Kendra had been many things. Daughter. Sister. Friend. Student. Attorney. Almost-bride. But cancer patient seemed to engulf them all. It was demanding. Exacting. It had stormed into her life and taken over. It had displaced her from her job and her condo, at least for now.

It had taken Derek.

Kendra moved on, amid running toddlers and strollers. And moms. She stopped, her breath sucked away. Would she never have that identity—mom?
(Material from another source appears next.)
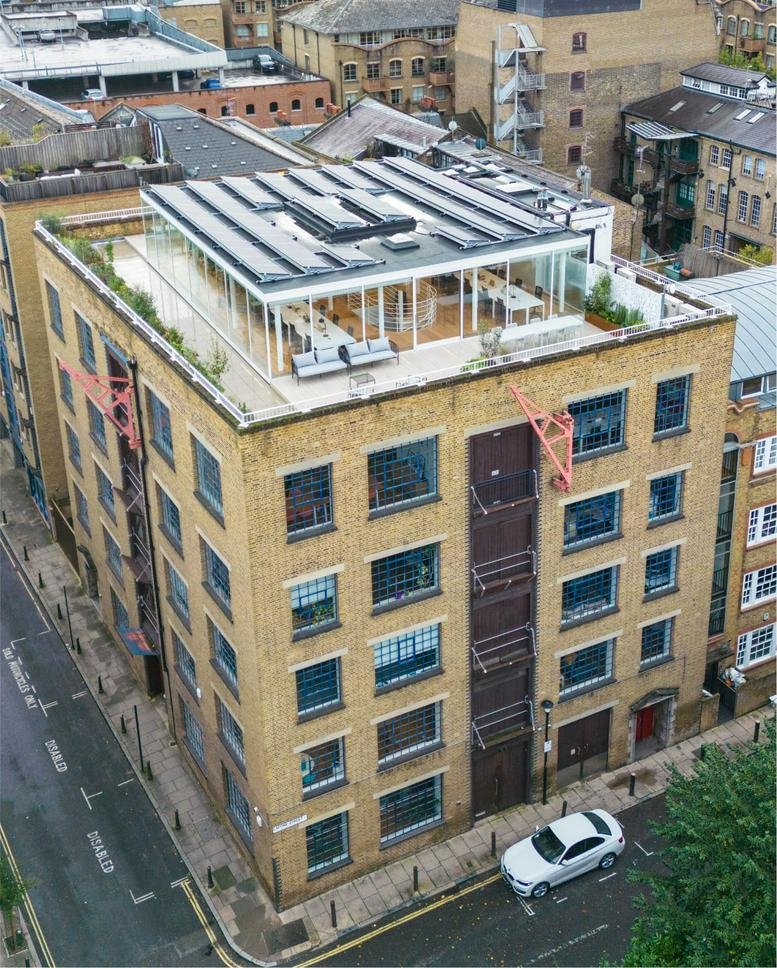Exterior view of the brick facade and glass rooftop extension at Nutmeg House.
She found a bench and sat, a new grief washing over her. This was bigger than Derek, the wedding, the condo, or a job. This was everything. Her life had been swallowed up. Hopes, dreams, everything she’d envisioned—gone. And what did she have to look forward to instead? Two and a half years of treatment. Oh, and if it was “successful,” maybe three or four.

The sights and sounds all around were almost haunting now. Even the bees and the flitting birds. All flaunting their joie de vivre. “Vivre,” for her, in any meaningful way, was over.